A senior civil servant gave Andrew Rawnsley a haunting description of Brexit Britain’s new place in the world. When Theresa May visited Washington, he said, she looked ‘needy’. The diplomat summed up our future to perfection. Britain is now a needy country. The importuning Mrs May tours foreign capitals looking for emergency trade deals like a poor relation. Begging bowl in her hand and a wheedling note in her anxious voice, she can think of nothing but making ends meet.
If it were not for Brexit, which never forget Mrs May opposed, the PM could act with European allies and try to bring a minimum of order to the chaos Trump is causing. When Benjamin Netanyahu visited London today, for instance, she might have told him that unlike the leader of the Labour party she does not associate with anti-Semites. She is not a racist or a friend of racists. Rather, as a friend to Israeli Jews she wants him to know that the occupation and settlement of the West Bank is a disaster.

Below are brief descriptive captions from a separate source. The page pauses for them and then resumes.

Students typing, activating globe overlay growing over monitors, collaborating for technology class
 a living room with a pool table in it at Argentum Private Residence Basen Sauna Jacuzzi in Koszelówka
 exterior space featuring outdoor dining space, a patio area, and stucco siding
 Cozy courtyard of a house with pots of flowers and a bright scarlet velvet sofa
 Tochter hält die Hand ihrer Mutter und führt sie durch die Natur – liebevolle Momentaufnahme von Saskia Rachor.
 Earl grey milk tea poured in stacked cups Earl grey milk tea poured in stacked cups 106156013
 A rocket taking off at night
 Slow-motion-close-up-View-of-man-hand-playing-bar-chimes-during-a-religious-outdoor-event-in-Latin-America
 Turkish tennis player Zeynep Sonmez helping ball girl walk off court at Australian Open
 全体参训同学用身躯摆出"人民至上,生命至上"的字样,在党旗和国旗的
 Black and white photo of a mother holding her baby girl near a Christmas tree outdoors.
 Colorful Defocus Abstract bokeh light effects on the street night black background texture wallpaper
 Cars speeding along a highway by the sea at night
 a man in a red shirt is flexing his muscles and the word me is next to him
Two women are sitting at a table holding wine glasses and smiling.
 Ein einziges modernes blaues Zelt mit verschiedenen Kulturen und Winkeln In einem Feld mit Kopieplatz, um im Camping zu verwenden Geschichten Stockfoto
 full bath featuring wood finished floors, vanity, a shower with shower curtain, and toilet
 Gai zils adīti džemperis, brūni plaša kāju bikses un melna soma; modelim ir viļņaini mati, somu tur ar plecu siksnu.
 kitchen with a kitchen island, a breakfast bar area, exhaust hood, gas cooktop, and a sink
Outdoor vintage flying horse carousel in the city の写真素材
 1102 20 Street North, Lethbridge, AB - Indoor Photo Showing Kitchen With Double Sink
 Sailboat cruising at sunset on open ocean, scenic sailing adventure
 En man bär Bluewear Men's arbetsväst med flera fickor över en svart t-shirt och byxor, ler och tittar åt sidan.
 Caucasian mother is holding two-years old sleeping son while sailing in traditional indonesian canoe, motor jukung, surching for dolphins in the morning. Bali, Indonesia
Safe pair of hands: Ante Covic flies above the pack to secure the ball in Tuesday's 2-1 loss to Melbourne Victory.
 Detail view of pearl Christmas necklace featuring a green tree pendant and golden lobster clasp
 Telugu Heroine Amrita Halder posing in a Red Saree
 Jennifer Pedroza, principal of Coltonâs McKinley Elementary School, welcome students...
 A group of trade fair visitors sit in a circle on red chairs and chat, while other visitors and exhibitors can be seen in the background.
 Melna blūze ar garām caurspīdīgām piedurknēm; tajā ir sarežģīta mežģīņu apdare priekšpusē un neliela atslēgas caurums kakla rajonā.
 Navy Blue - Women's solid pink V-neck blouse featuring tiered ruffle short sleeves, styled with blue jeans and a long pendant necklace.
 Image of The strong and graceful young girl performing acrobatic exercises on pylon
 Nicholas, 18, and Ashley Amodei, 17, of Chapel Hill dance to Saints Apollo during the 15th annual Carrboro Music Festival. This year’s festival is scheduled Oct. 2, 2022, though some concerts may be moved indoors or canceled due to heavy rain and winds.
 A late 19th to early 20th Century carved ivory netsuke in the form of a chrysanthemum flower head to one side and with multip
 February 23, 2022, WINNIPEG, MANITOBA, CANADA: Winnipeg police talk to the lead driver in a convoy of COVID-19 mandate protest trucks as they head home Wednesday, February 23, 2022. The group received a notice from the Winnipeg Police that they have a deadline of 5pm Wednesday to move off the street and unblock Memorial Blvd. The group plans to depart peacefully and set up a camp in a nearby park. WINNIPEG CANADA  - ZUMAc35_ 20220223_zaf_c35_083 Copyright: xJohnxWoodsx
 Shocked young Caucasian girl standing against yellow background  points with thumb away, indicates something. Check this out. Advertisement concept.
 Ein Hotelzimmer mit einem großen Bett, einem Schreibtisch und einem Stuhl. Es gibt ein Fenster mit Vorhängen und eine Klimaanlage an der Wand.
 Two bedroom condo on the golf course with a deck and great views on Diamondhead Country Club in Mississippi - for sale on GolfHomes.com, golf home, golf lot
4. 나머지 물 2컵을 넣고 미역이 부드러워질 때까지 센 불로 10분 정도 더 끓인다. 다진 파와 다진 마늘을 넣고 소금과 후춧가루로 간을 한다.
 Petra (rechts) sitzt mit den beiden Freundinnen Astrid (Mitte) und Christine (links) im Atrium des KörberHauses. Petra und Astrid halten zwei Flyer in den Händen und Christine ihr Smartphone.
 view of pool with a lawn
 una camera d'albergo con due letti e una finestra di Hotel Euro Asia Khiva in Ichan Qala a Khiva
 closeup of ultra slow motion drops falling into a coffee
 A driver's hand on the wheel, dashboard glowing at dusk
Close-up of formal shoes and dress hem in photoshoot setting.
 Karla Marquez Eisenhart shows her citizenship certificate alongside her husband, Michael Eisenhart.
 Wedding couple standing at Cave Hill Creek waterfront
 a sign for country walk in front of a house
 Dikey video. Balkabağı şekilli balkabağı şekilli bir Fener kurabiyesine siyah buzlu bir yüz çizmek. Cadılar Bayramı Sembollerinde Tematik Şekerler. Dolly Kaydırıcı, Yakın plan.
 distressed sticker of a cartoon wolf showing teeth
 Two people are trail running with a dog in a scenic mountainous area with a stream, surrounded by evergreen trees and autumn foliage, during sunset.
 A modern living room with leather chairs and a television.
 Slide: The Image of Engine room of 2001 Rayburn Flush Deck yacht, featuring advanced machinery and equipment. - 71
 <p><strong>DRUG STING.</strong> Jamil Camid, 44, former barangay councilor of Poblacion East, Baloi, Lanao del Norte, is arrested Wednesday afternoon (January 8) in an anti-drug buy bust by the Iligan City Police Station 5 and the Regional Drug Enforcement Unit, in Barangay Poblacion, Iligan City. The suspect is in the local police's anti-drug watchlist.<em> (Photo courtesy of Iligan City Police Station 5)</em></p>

There is truth in the accusation from Israel’s opponents that the country is starting to look like an apartheid state, she might continue. Not Israel proper, where there is the rule of law and legal equality, but in the occupied territories, where Arabs, unlike Jewish settlers, have no vote. What is he going to do?
If Israel were to annex the West Bank without the approval of Palestinians living there, it would be naked imperialism. If it went ahead anyway, and did not give the Palestinians full citizenship and the vote, it would not just look like apartheid, it would be apartheid. If Israel were to annex and grant citizenship, Netanyahu would fundamentally alter the character of the Israeli state, and open the possibility of an Arab government coming to power. As he is never going to do that, what is he going to do? Annex the territory and drive out the Palestinians? That would be a crime against humanity. Carry on with slow debilitating occupation? That would add to the suffering of the Palestinians and drain Israel of blood and treasure.
One day there will have to be a deal. That day clearly is not close. The Islamist friends of the Labour leadership in Hamas and Hezbollah want war to the death. For the time being, it is true, or at least plausible, for Israel to say that, if its troops were to pull out of the West Bank, they would ensure a repeat of what happened when they pulled out of Gaza. Hostile forces would move to the new border and start launching rockets at Israel. But the fanatics won’t last for ever. When better leaders come forward, a deal could be reached.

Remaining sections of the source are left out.